CS 330 Lecture 35 – Roogle, a Poor Man’s Search Engine
Agenda
- what ?s
- program this
- a simple search engine
- scrappy Ruby
- top-level functions
- imperative and object-oriented with some functional
- globals vs. locals
- Hash, Array, and Set
Program This
- Write a pseudocode/Ruby function get_words that accepts some HTML as a parameter. Return an array of all non-tag words in the HTML body. Lowercase all such words.

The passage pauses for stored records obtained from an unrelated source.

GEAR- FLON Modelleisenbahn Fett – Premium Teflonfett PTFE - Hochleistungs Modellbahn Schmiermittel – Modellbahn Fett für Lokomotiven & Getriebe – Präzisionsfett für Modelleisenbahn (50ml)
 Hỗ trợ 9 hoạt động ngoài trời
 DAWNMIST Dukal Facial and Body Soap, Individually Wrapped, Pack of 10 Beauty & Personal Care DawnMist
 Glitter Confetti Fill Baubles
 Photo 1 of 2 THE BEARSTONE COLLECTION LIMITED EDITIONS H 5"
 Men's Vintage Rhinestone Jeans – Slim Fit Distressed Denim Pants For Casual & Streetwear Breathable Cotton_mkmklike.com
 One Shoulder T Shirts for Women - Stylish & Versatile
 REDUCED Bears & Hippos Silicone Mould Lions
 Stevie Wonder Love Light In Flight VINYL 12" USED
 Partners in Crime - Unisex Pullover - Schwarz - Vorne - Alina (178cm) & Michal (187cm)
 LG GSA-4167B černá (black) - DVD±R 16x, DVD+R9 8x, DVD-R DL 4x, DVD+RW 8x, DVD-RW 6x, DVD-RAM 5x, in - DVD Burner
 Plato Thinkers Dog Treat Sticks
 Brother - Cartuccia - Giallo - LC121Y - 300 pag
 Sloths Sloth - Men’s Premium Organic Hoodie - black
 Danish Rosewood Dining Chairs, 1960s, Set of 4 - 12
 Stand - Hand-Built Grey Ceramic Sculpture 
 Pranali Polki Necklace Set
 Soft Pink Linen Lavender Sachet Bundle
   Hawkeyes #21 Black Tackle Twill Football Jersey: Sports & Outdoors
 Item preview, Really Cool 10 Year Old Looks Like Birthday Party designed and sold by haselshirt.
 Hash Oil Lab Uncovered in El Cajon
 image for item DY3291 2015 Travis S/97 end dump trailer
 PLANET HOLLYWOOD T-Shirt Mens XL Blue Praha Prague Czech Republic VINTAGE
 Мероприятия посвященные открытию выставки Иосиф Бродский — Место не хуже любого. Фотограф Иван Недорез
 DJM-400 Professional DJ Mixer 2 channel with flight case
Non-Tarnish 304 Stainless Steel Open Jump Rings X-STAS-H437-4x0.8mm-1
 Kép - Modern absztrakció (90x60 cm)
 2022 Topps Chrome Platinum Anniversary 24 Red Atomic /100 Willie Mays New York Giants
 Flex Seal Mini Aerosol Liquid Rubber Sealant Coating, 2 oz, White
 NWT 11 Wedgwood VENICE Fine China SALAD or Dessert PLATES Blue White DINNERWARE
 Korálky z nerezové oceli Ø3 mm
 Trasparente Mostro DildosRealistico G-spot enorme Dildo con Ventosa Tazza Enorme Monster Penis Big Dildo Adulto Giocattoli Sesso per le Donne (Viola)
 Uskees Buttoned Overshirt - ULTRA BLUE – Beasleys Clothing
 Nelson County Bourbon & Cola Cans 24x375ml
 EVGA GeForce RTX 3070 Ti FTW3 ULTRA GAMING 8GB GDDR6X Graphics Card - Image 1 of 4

- Write a pseudocode/Ruby function filter_links that accepts as parameters some HTML and prefix URL. Prefix is the part of the URL that doesn’t include the page, e.g., http://prefix/index.php. Return a list of links embedded in the HTML. Bonus features: lowercase all URLs, prepend the prefix onto any URL that doesn’t start with http, and strip off any http:// or https://.
TODO
- Make some progress on http://tryruby.org. Quarter sheet.
Code
Indexing Pseudocode
to crawl url
for each word in HTML
add url to index[word]
for each link in HTML
crawl link
Searching Pseudocode
to search for word
urls = index[word]
print urls
roogle.rb
#!/usr/bin/env ruby
require 'net/http'
require 'set'
def get_words(html)
html =~ /<body.*?>(.*)<\/body>/m
body = $1
body.gsub!(/<.*?>/, ' ')
body.gsub!(/&.*?;/, ' ')
body.gsub!(/'s/, 's')
body.gsub!(/\W/, ' ')
words = body.scan(/\w+/).map do |word|
word.downcase
end
words
end
$word_to_urls = Hash.new
def crawl(url)
url =~ /^(.*?)(\/.*)$/
host, page = $1, $2
Net::HTTP.start(host, 80) do |http|
html = http.get(page).body
# Index all them thar words.
words = get_words(html)
words.each do |word|
if not $word_to_urls.include? word
$word_to_urls[word] = Set.new
end
$word_to_urls[word].add(url)
end
end
end
crawl('www.cs.uwec.edu/index.html')
$word_to_urls.each do |word, urls|
puts "#{word} -> #{urls.to_a.join(' ')}"
end
Haiku
Tortoise and Hare raced
Afterward they fell in love
Soon Ruby was born
Afterward they fell in love
Soon Ruby was born